Poke a spoon through the delicate, quivering surface of these savory Japanese steamed egg custards, and you’ll find a treasure trove of ingredients inside: diced seafood, poultry, and veggies. With just a few adjustments, I’ve come up with a flavor-packed Paleo version of chawanmushi (茶碗蒸し) that you can steam on the stove, bake in a water bath, or pop into a sous vide cooker.
Makes: 5 servings
Hands-On Time: 15 minutes
Total Time: 45 minutes
Here’s what to gather:
- 4 large eggs
- ½ teaspoon kosher salt
- 2 cups organic chicken broth, bone broth, or homemade dashi
- 1 tablespoon coconut aminos for the custard, plus 2 teaspoons for the filling
- 1 teaspoon Paleo-friendly fish sauce for the custard, plus ½ teaspoon for the filling
- 4 ounces boneless, skinless chicken thighs, cut into ½ inch cubes
- 2 ounces shrimp, cut into ½-inch pieces
- 2 medium shiitake mushrooms, thinly sliced
- Freshly-ground pepper
- 2 scallions, thinly sliced
- ¼ cup minced cilantro
- five 8-ounce cups or ramekins
- Measuring cups and spoons
- Steamer insert
- Large stock pot
- Medium bowl
- Balloon whisk
- Fine mesh sieve or strainer
- Plastic wrap or aluminum foil
- Sous vide cooker (optional)
Here’s what you do:
You’ll need a bunch of 8-ounce cups or ramekins for this recipe. Try to get pretty ones. No one wants to eat chawanmushi out of a “30 and Dirty” coffee mug. (Incidentally, my dad still has one of those mugs. My sister and I bought it for him as a Father’s Day gift when we were little, despite the fact that he was neither 30 nor dirty.)
We have a set of Japanese tea cups with lids, which are perfect for this recipe. After all, “chawan” literally means “tea cups” in Japanese (and “mushi” means steaming.)
Put a steamer insert into a large stockpot and add water until it’s just below the bottom of the steamer. Bring the water to a boil on the stove, and then turn down the heat to medium. The water should be at a constant simmer.
Crack the eggs in a medium bowl, and add the salt. Whisk until well-mixed.
In a separate measuring cup, combine the chicken broth,1 tablespoon of coconut aminos, and 1 teaspoon of fish sauce. Pour the broth into the beaten eggs and mix well.
Strain the mixture through a fine mesh sieve into a large measuring cup to filter out the eggy goo and froth.
Combine chicken, shrimp, and mushrooms in a small bowl and add 2 teaspoons of coconut aminos, ½ teaspoon of fish sauce, and some freshly-ground black pepper. (Not a fan of these particular ingredients?

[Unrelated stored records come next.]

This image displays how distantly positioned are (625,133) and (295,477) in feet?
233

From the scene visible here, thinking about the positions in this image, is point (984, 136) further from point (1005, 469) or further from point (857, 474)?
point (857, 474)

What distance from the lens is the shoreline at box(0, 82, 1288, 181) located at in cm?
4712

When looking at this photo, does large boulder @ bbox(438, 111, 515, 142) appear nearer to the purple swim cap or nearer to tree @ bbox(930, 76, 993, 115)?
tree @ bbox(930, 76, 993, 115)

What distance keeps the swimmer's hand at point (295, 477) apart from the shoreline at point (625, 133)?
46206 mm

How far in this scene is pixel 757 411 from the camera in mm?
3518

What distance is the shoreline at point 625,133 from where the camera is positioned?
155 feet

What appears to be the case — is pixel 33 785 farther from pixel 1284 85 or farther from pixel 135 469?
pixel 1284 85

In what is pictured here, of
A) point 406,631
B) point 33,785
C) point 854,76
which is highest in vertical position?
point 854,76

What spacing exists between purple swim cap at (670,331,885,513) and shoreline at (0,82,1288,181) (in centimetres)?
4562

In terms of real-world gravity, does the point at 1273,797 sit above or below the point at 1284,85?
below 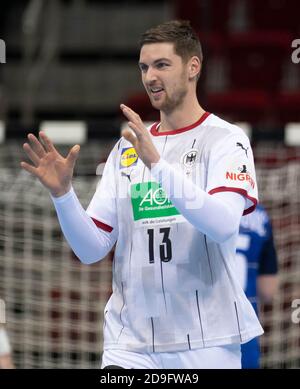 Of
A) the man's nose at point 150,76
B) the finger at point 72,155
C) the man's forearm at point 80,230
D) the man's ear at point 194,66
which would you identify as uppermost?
the man's ear at point 194,66

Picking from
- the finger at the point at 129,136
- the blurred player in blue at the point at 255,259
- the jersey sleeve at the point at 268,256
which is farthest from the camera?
the jersey sleeve at the point at 268,256

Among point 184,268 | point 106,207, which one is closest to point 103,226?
point 106,207

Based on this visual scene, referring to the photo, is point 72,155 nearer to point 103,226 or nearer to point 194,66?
point 103,226

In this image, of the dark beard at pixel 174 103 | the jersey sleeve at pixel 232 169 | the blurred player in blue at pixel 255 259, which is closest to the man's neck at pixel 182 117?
the dark beard at pixel 174 103

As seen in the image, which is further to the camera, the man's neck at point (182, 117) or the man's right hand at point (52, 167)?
the man's neck at point (182, 117)

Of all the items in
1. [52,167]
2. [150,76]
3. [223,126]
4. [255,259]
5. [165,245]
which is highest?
[150,76]

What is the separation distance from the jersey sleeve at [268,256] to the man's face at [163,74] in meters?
1.47

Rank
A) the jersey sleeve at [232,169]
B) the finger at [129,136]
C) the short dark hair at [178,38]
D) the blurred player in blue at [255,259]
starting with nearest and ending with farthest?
the finger at [129,136] → the jersey sleeve at [232,169] → the short dark hair at [178,38] → the blurred player in blue at [255,259]

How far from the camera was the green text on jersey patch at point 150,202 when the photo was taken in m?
2.48

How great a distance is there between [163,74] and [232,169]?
0.32 m

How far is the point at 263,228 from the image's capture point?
3863 millimetres

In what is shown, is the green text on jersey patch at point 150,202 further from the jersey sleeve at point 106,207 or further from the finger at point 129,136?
the finger at point 129,136

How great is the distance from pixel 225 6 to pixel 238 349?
6677mm

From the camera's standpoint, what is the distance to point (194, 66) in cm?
258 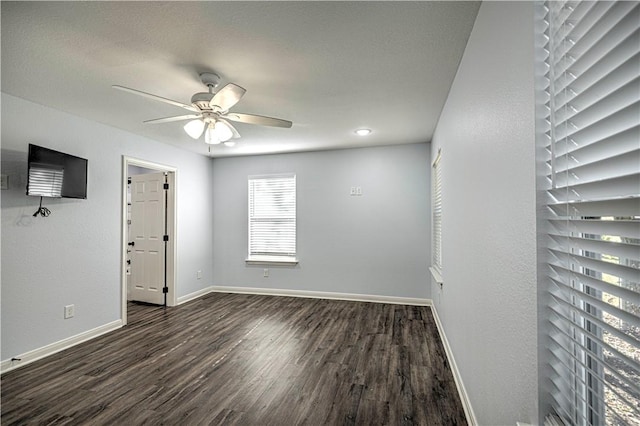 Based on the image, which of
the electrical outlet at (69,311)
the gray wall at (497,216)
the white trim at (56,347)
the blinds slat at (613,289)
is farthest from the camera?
the electrical outlet at (69,311)

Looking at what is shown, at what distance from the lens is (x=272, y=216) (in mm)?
5496

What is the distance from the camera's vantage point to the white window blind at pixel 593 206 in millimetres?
601

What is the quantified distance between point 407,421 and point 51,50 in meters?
3.52

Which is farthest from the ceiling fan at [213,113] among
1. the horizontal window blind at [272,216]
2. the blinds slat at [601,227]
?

No worries. Feel free to use whatever savory meats and veggies you want.)
Mix everything together and set the bowl aside.
Grab the 8-ounce cups or ramekins and put a heaping tablespoon of the meaty filling in each one.
Pour the egg mixture into each cup. Stop when you’re a half-inch from the top.
Cover each ramekin with plastic wrap or aluminum foil.
Place the cups on the steamer insert in the pot*, making sure to keep the liquid level.
Cover and cook for 20 minutes or until a toothpick comes out clean.
The custards will be quivery and delicate to the touch. They should be set, but when you pierce the top, the chawanmushi’s texture should be almost soup-like. Don’t let these babies get cold – serve ‘em immediately, topped with sliced scallions and minced cilantro.
*Looking for a different way to cook these custards? Check out these two alternative techniques:
- Mod #1: If you can’t fit the cups in a steamer, cobble together a bain marie: Put the foil-covered cups or ramekins in a towel-lined baking dish filled halfway up with boiling water, and stick it in a 425°F oven for 30 minutes.
- Mod #2: If you’re feeling particularly fancy, try steaming the cups in a sous vide cooker set at 195°F for 60 to 90 minutes.